Taking the data below, please print only the lines from the line holding "Aiza reading quran" to the line holding "Certified 2024 Hyundai Kona SEL FWD image 26", inclusive, with pictures omitted.

*DATA FOR THIS TASK*.
※ ※ ※
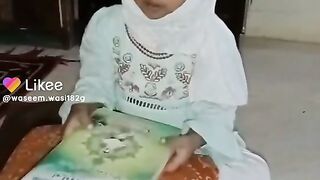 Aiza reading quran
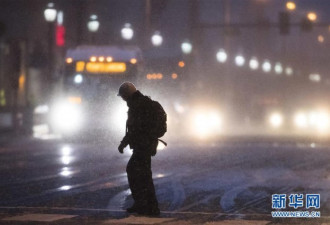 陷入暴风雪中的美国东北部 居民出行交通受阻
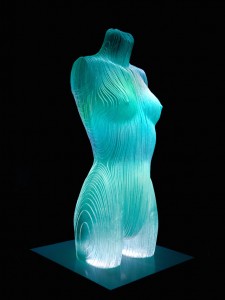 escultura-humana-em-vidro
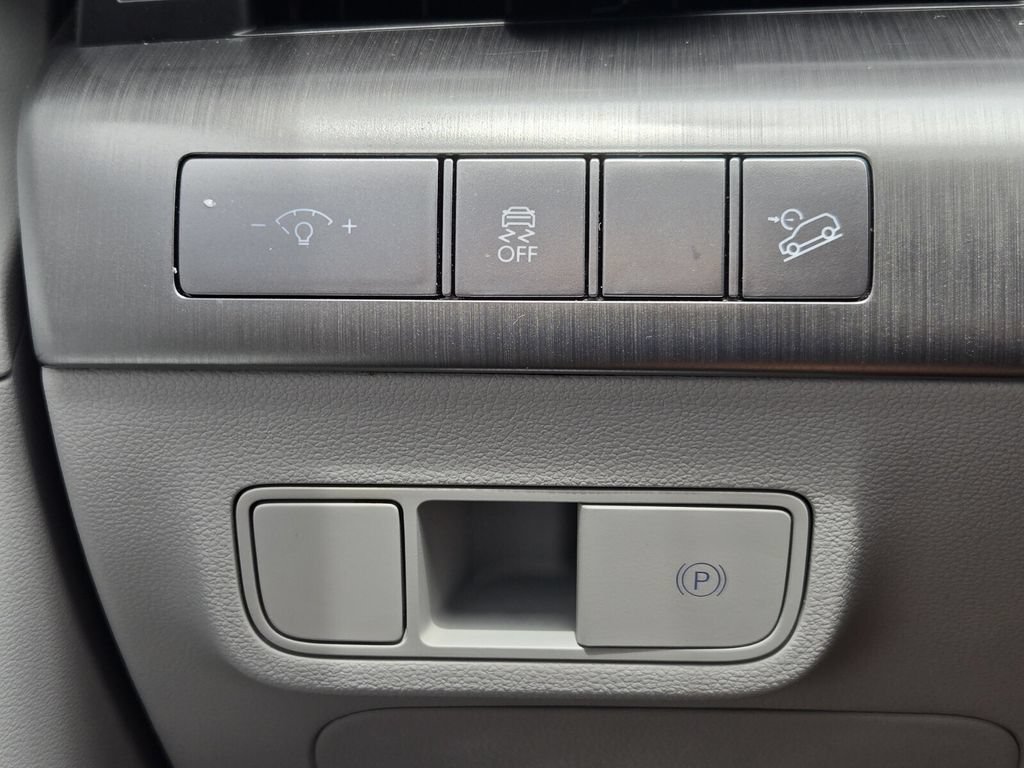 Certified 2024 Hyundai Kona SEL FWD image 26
※ ※ ※
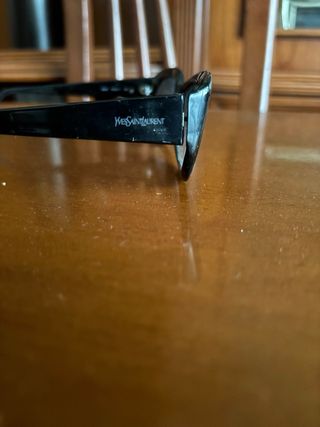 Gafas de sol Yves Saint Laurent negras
※ ※ ※
*RESPONSE BELOW*.
 Aiza reading quran
 陷入暴风雪中的美国东北部 居民出行交通受阻
 escultura-humana-em-vidro
 Certified 2024 Hyundai Kona SEL FWD image 26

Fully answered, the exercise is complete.